*** DATASET CONTENT

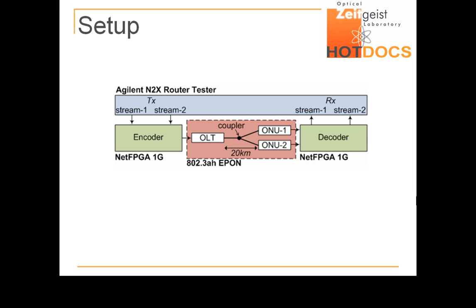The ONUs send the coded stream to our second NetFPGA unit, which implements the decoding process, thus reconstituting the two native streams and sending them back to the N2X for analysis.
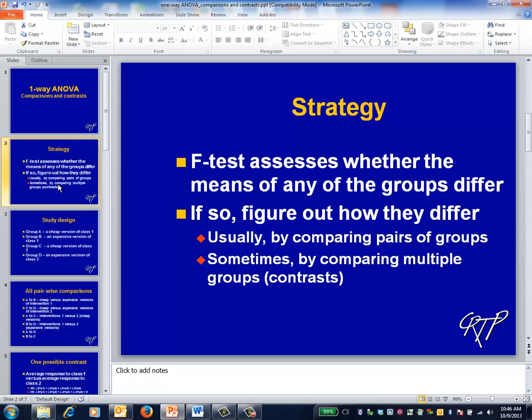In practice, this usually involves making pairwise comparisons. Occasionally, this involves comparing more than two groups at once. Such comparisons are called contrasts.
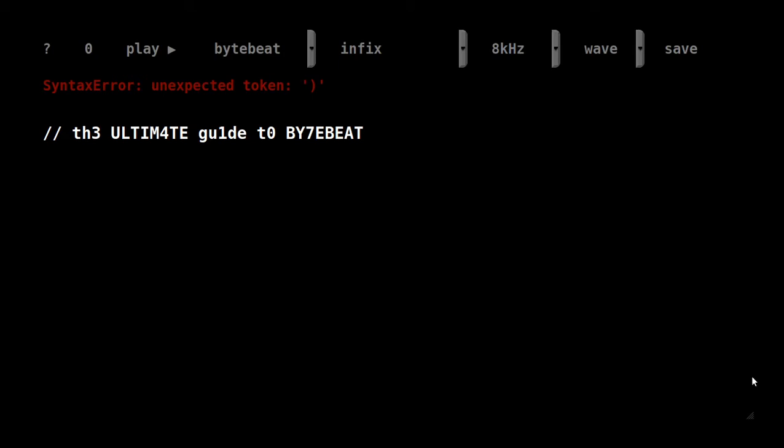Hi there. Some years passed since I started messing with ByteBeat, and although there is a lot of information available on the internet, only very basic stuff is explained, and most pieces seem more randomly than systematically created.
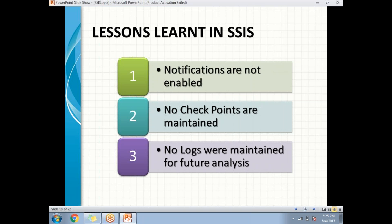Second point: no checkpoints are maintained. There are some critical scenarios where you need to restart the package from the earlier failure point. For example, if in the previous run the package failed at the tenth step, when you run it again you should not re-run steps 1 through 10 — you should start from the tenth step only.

******

THE PROBLEM
Should there be pictures in the data, leave them out and return the rest exactly.

RESULT OF THIS TASK
The ONUs send the coded stream to our second NetFPGA unit, which implements the decoding process, thus reconstituting the two native streams and sending them back to the N2X for analysis.
In practice, this usually involves making pairwise comparisons. Occasionally, this involves comparing more than two groups at once. Such comparisons are called contrasts.
Hi there. Some years passed since I started messing with ByteBeat, and although there is a lot of information available on the internet, only very basic stuff is explained, and most pieces seem more randomly than systematically created.
Second point: no checkpoints are maintained. There are some critical scenarios where you need to restart the package from the earlier failure point. For example, if in the previous run the package failed at the tenth step, when you run it again you should not re-run steps 1 through 10 — you should start from the tenth step only.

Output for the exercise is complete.